Sun News Network wants to cut a deal with Canada's broadcast regulator, suggesting that it be included on digital basic cable for five years to give it a chance to win over Canadians with its mix of "hard news and straight talk."
The fledgling news channel is asking to be included on digital basic television subscriptions to deal with losses nearing $17-million a year. Guaranteed placement means guaranteed subscriber revenue, and is a highly coveted designation reserved for channels that offer unique content to Canadians.
Sun News – in its response filed Monday to the country's cable and satellite companies who filed interventions to the Canadian Radio-television and Telecommunications Commission ahead of a spring hearing – says that inclusion on digital basic would be "more of a present day remedy than a long-term solution" as it proposed the five-year limit.

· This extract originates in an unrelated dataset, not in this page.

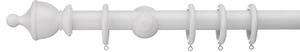 Sherwood Urn Finial Fixed Wooden Curtain Pole with Rings White
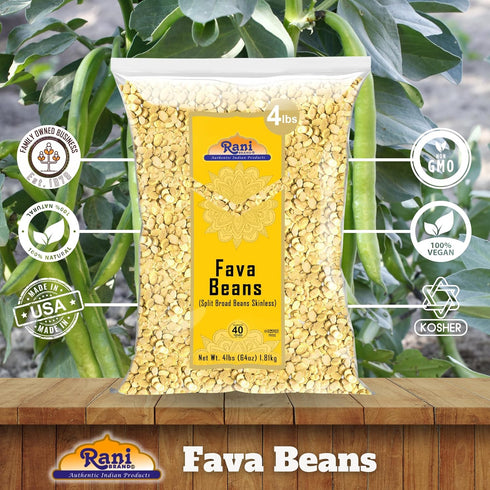 64oz (4lbs) 1.81kg Rani Fava Beans (Split Broad Beans Skinless) Bulk ~ All Natural | Gluten Friendly | Non-GMO | Kosher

"In an ideal world, Sun News would not have to make such an application," the company stated. "As a channel that is 100 per cent Canadian and produces 96 hours per week of first-run Canadian content, our broadcast system was envisioned in a way that channels like Sun News would be distributed widely, without intervention by the regulator."
The filing stated that Canadian cable and satellite companies haven't been willing to include the channel in attractive packages, and have placed the channel on high channels that are difficult to find. That's why it wants the five-year term, it said.
Forty per cent of Canadian households now subscribe to Sun News. However, it is available in more homes.
"Granting Sun News Network a [mandatory carriage] would send a clear message to distributors that their obligations to Canadian content are not mere words on a page," the filing stated.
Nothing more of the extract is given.